- _Requirement_:
Task for the records below: repeat the line containing "White gardenia flower on dark background." and every line after it, exactly and with nothing else, but leave out the pictures.
======== Data supplied ========
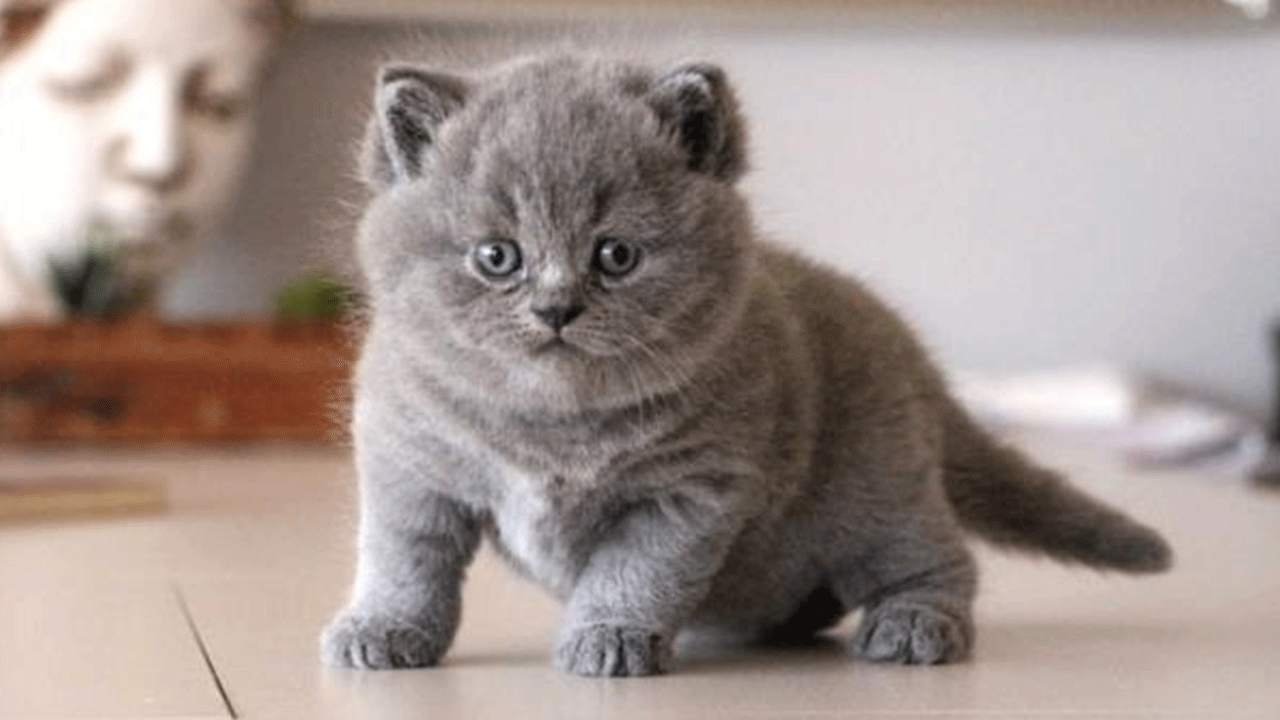 Foto - Bu tür kedisi olanlar dikkat! Resmen yasaklandı!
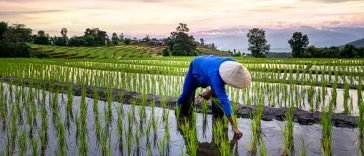 How To Start a Rice Farm Business In Nigeria
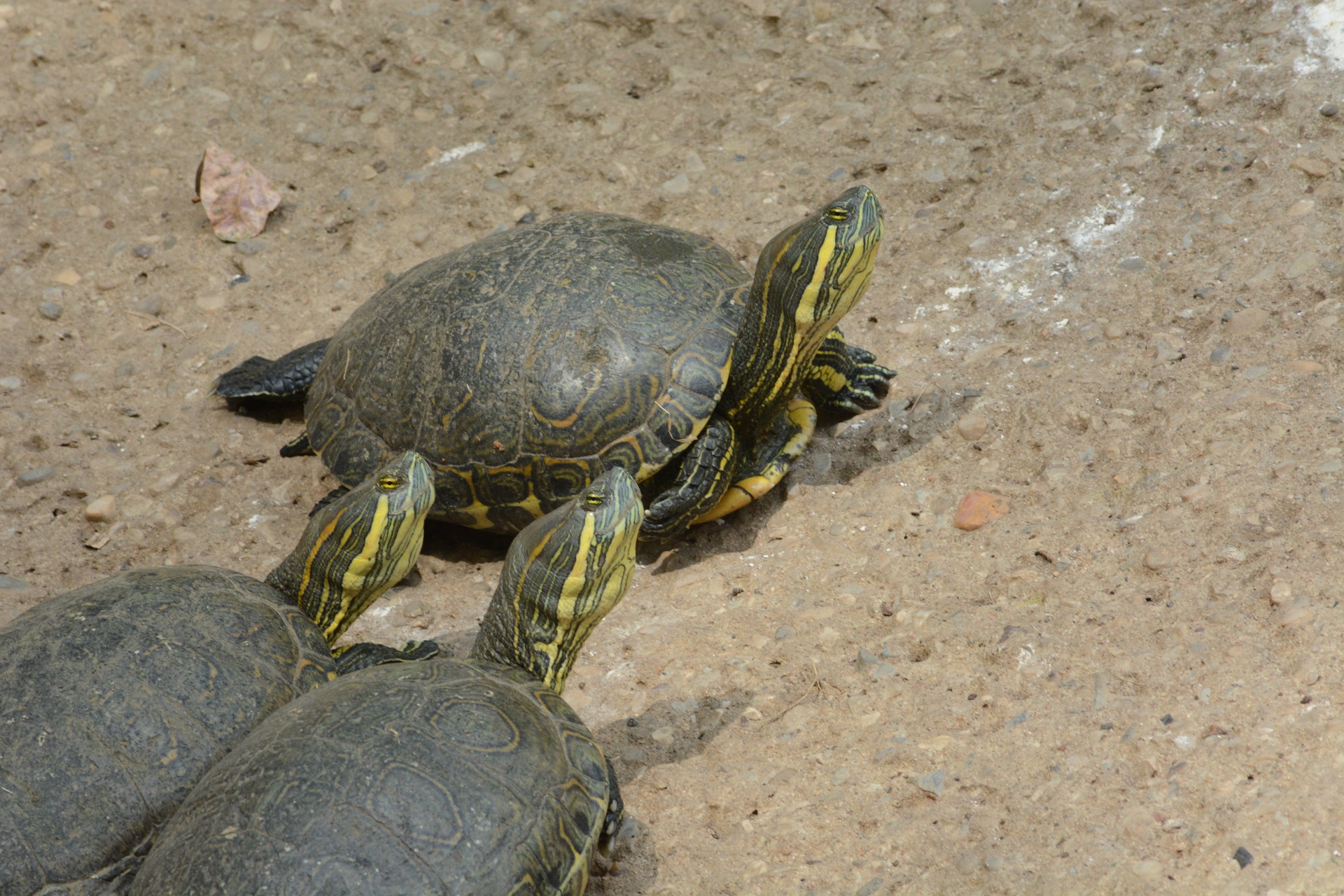 Tortue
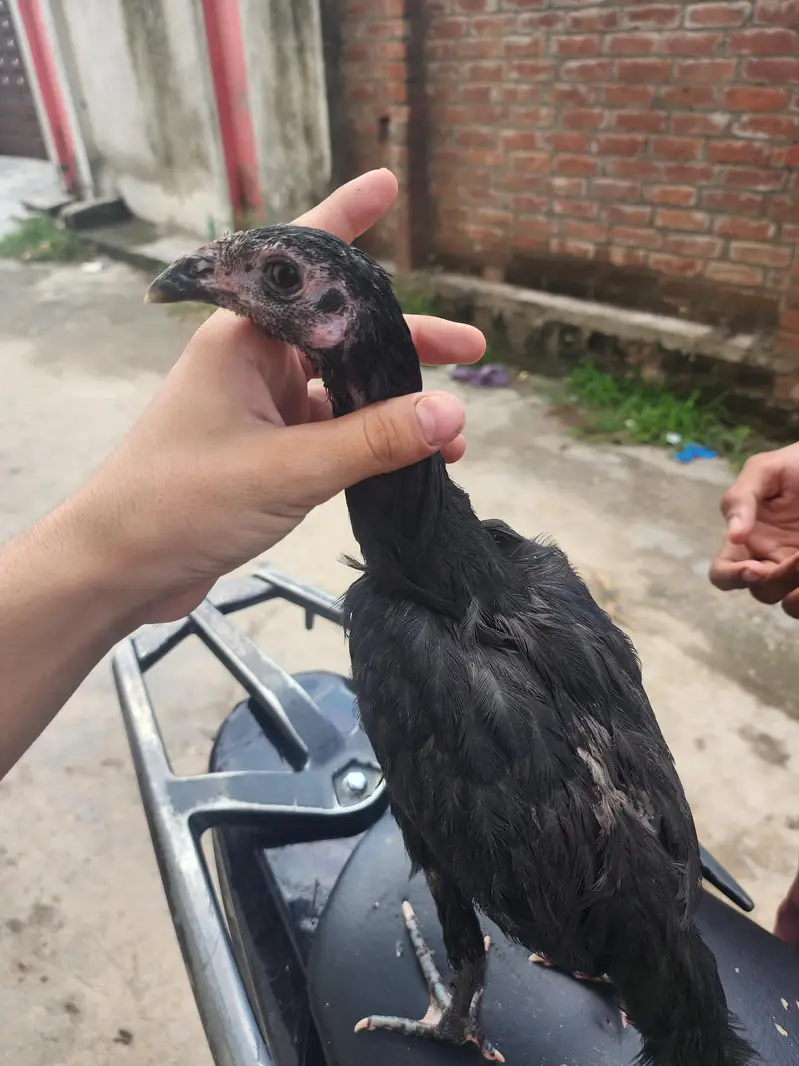 female — photo 2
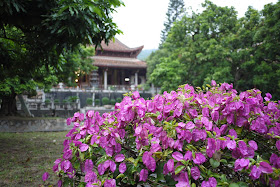 bush with purple and green leaves in front of Guanghua Temple in Putian, Fujian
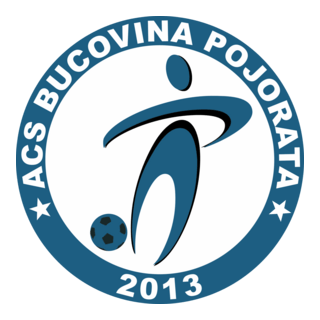 FC Bucovina Pojorâta Logo PNG Vector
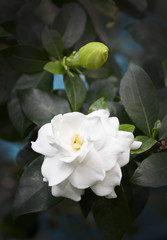 White gardenia flower on dark background.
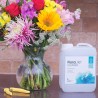 FloraLife® Cleaner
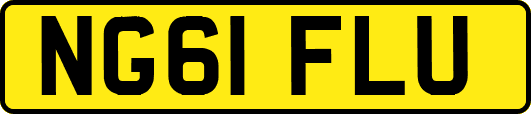 NG61FLU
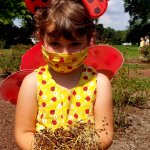 young girl in ladybug costume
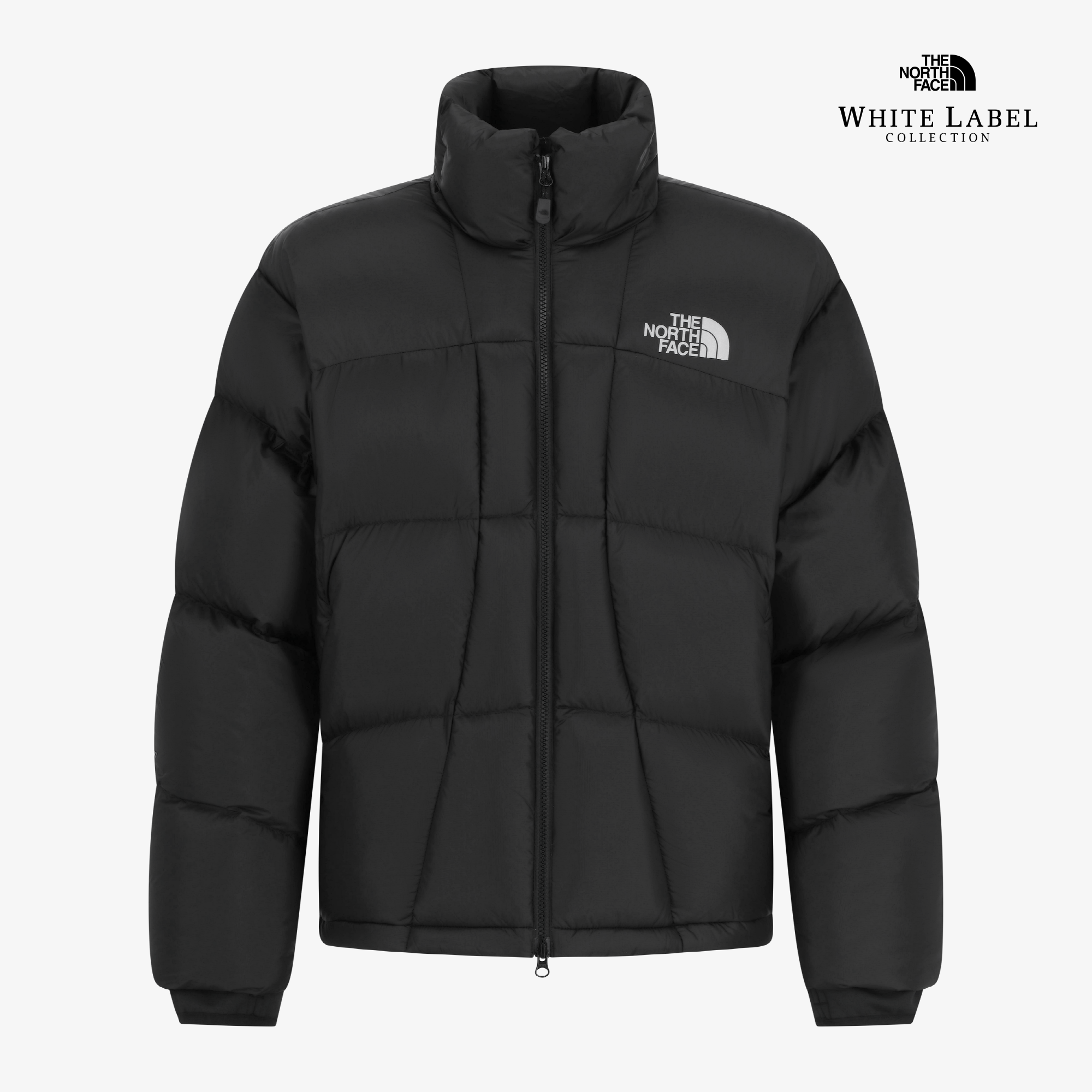 折扣預購┃韓國白標 THE NORTH FACE DURON DOWN JACKET 羽絨外套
========
- _Solution to this exercise_:
 White gardenia flower on dark background.
 FloraLife® Cleaner
 NG61FLU
 young girl in ladybug costume
 折扣預購┃韓國白標 THE NORTH FACE DURON DOWN JACKET 羽絨外套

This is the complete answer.